From: Wu Fengguang <fengguang.wu@intel.com>
To: Richard Kennedy <richard@rsk.demon.co.uk>
Cc: "akpm@linux-foundation.org" <akpm@linux-foundation.org>,
"mm-commits@vger.kernel.org" <mm-commits@vger.kernel.org>,
"a.p.zijlstra@chello.nl" <a.p.zijlstra@chello.nl>,
"chris.mason@oracle.com" <chris.mason@oracle.com>,
"jens.axboe@oracle.com" <jens.axboe@oracle.com>,
"mbligh@mbligh.org" <mbligh@mbligh.org>,
"miklos@szeredi.hu" <miklos@szeredi.hu>,
"linux-mm@kvack.org" <linux-mm@kvack.org>,
"linux-fsdevel@vger.kernel.org" <linux-fsdevel@vger.kernel.org>
Subject: Re: + mm-balance_dirty_pages-reduce-calls-to-global_page_state-to-reduce-c ache-references.patch added to -mm tree
Date: Sun, 23 Aug 2009 21:00:56 +0800 [thread overview]
Message-ID: <20090823130056.GA10596@localhost> (raw)
In-Reply-To: <1251020013.2270.24.camel@castor>
On Sun, Aug 23, 2009 at 05:33:33PM +0800, Richard Kennedy wrote:
> On Sat, 2009-08-22 at 10:51 +0800, Wu Fengguang wrote:
>
> > >
> > > mm/page-writeback.c | 116 +++++++++++++++---------------------------
> > > 1 file changed, 43 insertions(+), 73 deletions(-)
> > >
> > > diff -puN mm/page-writeback.c~mm-balance_dirty_pages-reduce-calls-to-global_page_state-to-reduce-cache-references mm/page-writeback.c
> > > --- a/mm/page-writeback.c~mm-balance_dirty_pages-reduce-calls-to-global_page_state-to-reduce-cache-references
> > > +++ a/mm/page-writeback.c
> > > @@ -249,32 +249,6 @@ static void bdi_writeout_fraction(struct
> > > }
> > > }
> > >
> > > -/*
> > > - * Clip the earned share of dirty pages to that which is actually available.

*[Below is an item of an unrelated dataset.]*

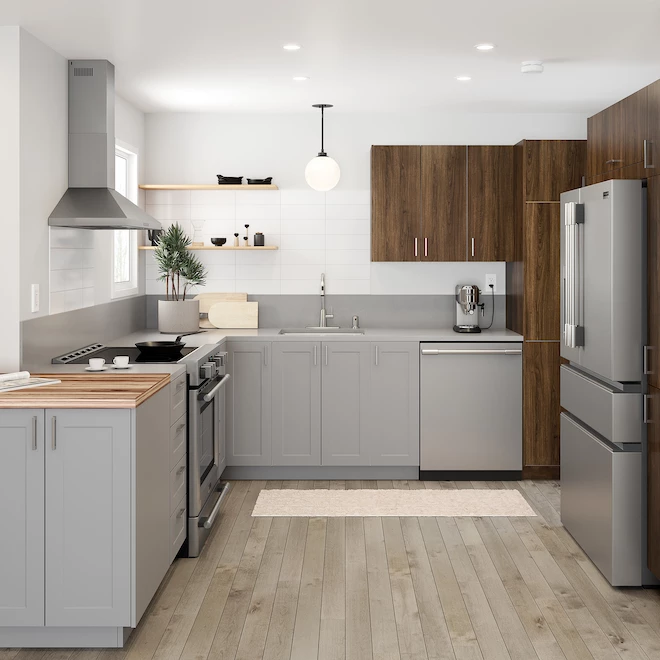 Eklipse Angelite Tall Upper Wall Cabinet - 1 Door 12-in x 39-in - Grey 6 Eklipse Angelite Tall Upper Wall Cabinet - 1 Door 12-in x 39-in - Grey - Image 4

> > > - * This avoids exceeding the total dirty_limit when the floating averages
> > > - * fluctuate too quickly.
> > > - */
> > > -static void clip_bdi_dirty_limit(struct backing_dev_info *bdi,
> > > - unsigned long dirty, unsigned long *pbdi_dirty)
> > > -{
> > > - unsigned long avail_dirty;
> > > -
> > > - avail_dirty = global_page_state(NR_FILE_DIRTY) +
> > > - global_page_state(NR_WRITEBACK) +
> > > - global_page_state(NR_UNSTABLE_NFS) +
> > > - global_page_state(NR_WRITEBACK_TEMP);
> > > -
> > > - if (avail_dirty < dirty)
> > > - avail_dirty = dirty - avail_dirty;
> > > - else
> > > - avail_dirty = 0;
> > > -
> > > - avail_dirty += bdi_stat(bdi, BDI_RECLAIMABLE) +
> > > - bdi_stat(bdi, BDI_WRITEBACK);
> > > -
> > > - *pbdi_dirty = min(*pbdi_dirty, avail_dirty);
> > > -}
> > > -
> > > static inline void task_dirties_fraction(struct task_struct *tsk,
> > > long *numerator, long *denominator)
> > > {
> > > @@ -465,7 +439,6 @@ get_dirty_limits(unsigned long *pbackgro
> > > bdi_dirty = dirty * bdi->max_ratio / 100;
> > >
> > > *pbdi_dirty = bdi_dirty;
> > > - clip_bdi_dirty_limit(bdi, dirty, pbdi_dirty);
> > > task_dirty_limit(current, pbdi_dirty);
> > > }
> > > }
> > > @@ -499,45 +472,12 @@ static void balance_dirty_pages(struct a
> > > };
> > >
> > > get_dirty_limits(&background_thresh, &dirty_thresh,
> > > - &bdi_thresh, bdi);
> > > + &bdi_thresh, bdi);
> > >
> > > nr_reclaimable = global_page_state(NR_FILE_DIRTY) +
> > > - global_page_state(NR_UNSTABLE_NFS);
> > > - nr_writeback = global_page_state(NR_WRITEBACK);
> > > -
> > > - bdi_nr_reclaimable = bdi_stat(bdi, BDI_RECLAIMABLE);
> > > - bdi_nr_writeback = bdi_stat(bdi, BDI_WRITEBACK);
> > > -
> > > - if (bdi_nr_reclaimable + bdi_nr_writeback <= bdi_thresh)
> > > - break;
> > > -
> > > - /*
> > > - * Throttle it only when the background writeback cannot
> > > - * catch-up. This avoids (excessively) small writeouts
> > > - * when the bdi limits are ramping up.
> > > - */
> > > - if (nr_reclaimable + nr_writeback <
> > > - (background_thresh + dirty_thresh) / 2)
> > > - break;
> > > -
> > > - if (!bdi->dirty_exceeded)
> > > - bdi->dirty_exceeded = 1;
> > > -
> > > - /* Note: nr_reclaimable denotes nr_dirty + nr_unstable.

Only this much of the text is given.